Klepper-Smith pointed out that Connecticut has “ranked at the bottom quintile now consistently for the last 20 years” in terms of business climate and tax competitiveness. Connecticut is experiencing “net-outmigration,” losing over 200,000 people from April 2010 to July 2019, and another 24,000 between April 2020 and July 2024.
The Connecticut economy has “underperformed” the US economy over the last 14 years. While the US Real GDP has grown 38.8%, Connecticut’s has only grown 10.5% since 2010.
Klepper-Smith said, “The structural change is evident. We’re going to be lucky in Connecticut, lucky, to see a positive fractional gain in 2025. What do I expect? In reality, I expect the numbers to step down, commencing, probably sometime around mid-year, and we’re going to see that number probably producing a slightly negative number for all of 2025.”
Danbury Labor Market Area
Klepper-Smith started discussing Danbury as having a “rich history,” making note of the hat factory that produced 4.5 million hats in the 1880s.
He noted that there is a diversified economy in the area and is home to many “top-shelf firms,” such as Northwell Health, formerly Nuvance Health, Boehringer-Ingelheim Pharmaceuticals, and Sonic Materials.
The areas he expects to see grow are medical technology, telehealth, robotics and automation, artificial intelligence and machine learning, and logistics, distribution, and inventory management.
He said, “The good news is you continue to outperform. When we look at job growth, comparing the [labor market area] here that we did have through December, it shows that, before reconfiguration data, the total of non-farm jobs outperform.”
Klepper-Smith added that employment in Danbury increased 26% compared to the state’s 21.9% since April 2020. He contributed this to the proximity to the New York City metropolitan region, the region’s lower cost of doing business, and “surprising strength in goods producing sectors.”
“When you look at goods producing employment in Danbury, you’re six times the state average. You make stuff here! You make stuff. And stuff is what it’s about,” Klepper-Smith said.

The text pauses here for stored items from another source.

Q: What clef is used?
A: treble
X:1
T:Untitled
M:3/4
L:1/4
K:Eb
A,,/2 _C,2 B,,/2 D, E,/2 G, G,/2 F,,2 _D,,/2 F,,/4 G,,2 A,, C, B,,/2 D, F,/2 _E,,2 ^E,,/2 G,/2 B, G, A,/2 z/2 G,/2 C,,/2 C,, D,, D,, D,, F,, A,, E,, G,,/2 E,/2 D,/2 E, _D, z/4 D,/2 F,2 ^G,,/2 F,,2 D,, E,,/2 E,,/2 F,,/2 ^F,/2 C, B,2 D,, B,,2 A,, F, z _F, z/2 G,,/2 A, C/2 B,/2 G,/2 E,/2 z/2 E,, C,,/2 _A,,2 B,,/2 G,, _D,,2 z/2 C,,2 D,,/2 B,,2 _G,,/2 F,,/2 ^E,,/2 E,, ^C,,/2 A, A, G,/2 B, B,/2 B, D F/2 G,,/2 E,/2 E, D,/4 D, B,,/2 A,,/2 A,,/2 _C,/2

He also explained that Danbury-Stamford-Bridgeport has the lowest unemployment rate in the state, there are more jobs in the labor market area, and the non-seasonal adjustment unemployment rate is 4.3%, the lowest in the state.
The seminar ended by Klepper-Smith reminding the crowd that “businesses will determine whether we have a recession or not, depending on how they invest in their strategic plan … consumers the same thing.”

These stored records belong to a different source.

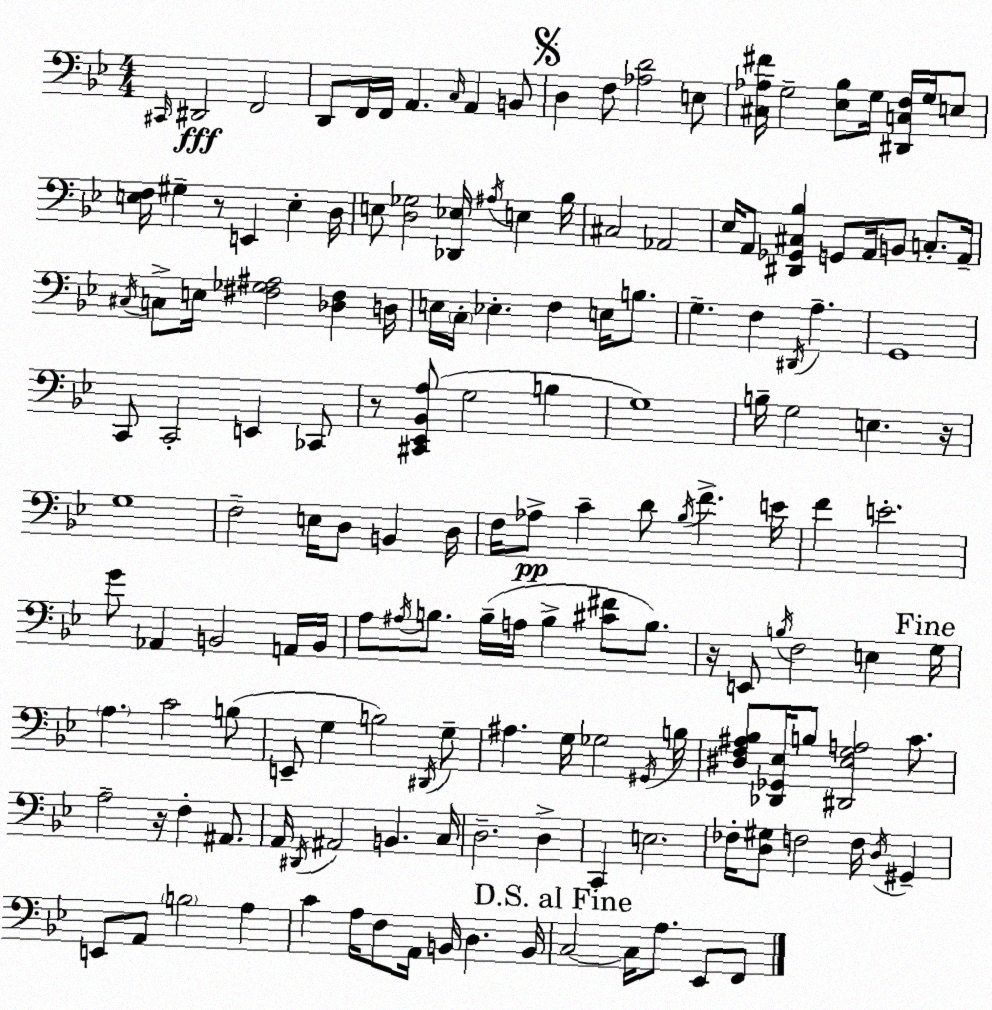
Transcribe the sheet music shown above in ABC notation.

X:1
T:Untitled
M:4/4
L:1/4
K:Bb
^C,,/4 ^D,,2 F,,2 D,,/2 F,,/4 F,,/4 A,, C,/4 A,, B,,/2 D, F,/2 [_A,D]2 E,/2 [^C,_A,^F]/4 G,2 [_E,_B,]/2 G,/4 [^D,,C,F,]/4 G,/4 E,/2 [E,F,]/4 ^G, z/2 E,, E, D,/4 E,/2 [D,_G,]2 [_D,,_E,]/4 ^A,/4 E, _B,/4 ^C,2 _A,,2 _E,/4 A,,/2 [^D,,_G,,^C,_B,] G,,/2 A,,/4 B,,/2 C,/2 A,,/4 ^C,/4 C,/2 E,/4 [^F,_G,^A,]2 [_D,^F,] D,/4 E,/4 C,/4 _E, F, E,/4 B,/2 G, F, ^D,,/4 A, G,,4 C,,/2 C,,2 E,, _C,,/2 z/2 [^C,,_E,,_B,,A,]/2 G,2 B, G,4 B,/4 G,2 E, z/4 G,4 F,2 E,/4 D,/2 B,, D,/4 F,/4 _A,/2 C D/2 _B,/4 F E/4 F E2 G/2 _A,, B,,2 A,,/4 B,,/4 A,/2 ^A,/4 B,/2 B,/4 A,/4 B, [^C^F]/2 B,/2 z/4 E,,/2 B,/4 F,2 E, G,/4 A, C2 B,/2 E,,/2 G, B,2 ^D,,/4 G,/2 ^A, G,/4 _G,2 ^G,,/4 B,/4 [^D,F,^A,_B,]/2 [_D,,_G,,_E,]/4 B,/2 [^D,,_E,G,A,]2 C/2 A,2 z/4 F, ^A,,/2 A,,/4 ^D,,/4 ^A,,2 B,, C,/4 D,2 D, C,, E,2 _F,/4 [D,^G,]/2 F,2 F,/4 D,/4 ^G,, E,,/2 A,,/2 B,2 A, C A,/4 F,/2 A,,/4 B,,/4 D, B,,/4 C,2 C,/4 A,/2 _E,,/2 F,,/2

The state of the economy relies on confidence: business confidence, investor confidence, and consumer confidence.
“The aggregate data, if we look at it objectively, it shows a mix of positive and negatives, but the key leading economic indicators are pointing to a recession. Not all economic indicators are created equal,” Klepper-Smith said.
“How would I label your situation here in Connecticut?,” Klepper-Smith asked. “I think, to be all honest, I think Governor Lamont is doing an incredible job. I give him a lot of credit … It’s about everybody pulling on the same end of the rope, the same way we did with the governor’s council.”
He described the economy with one word: tenuous.
Klepper-Smith ended by saying, “Greater Danbury. Credit to the people in this room. I give you a standing ovation. You continue to outperform on key metrics.”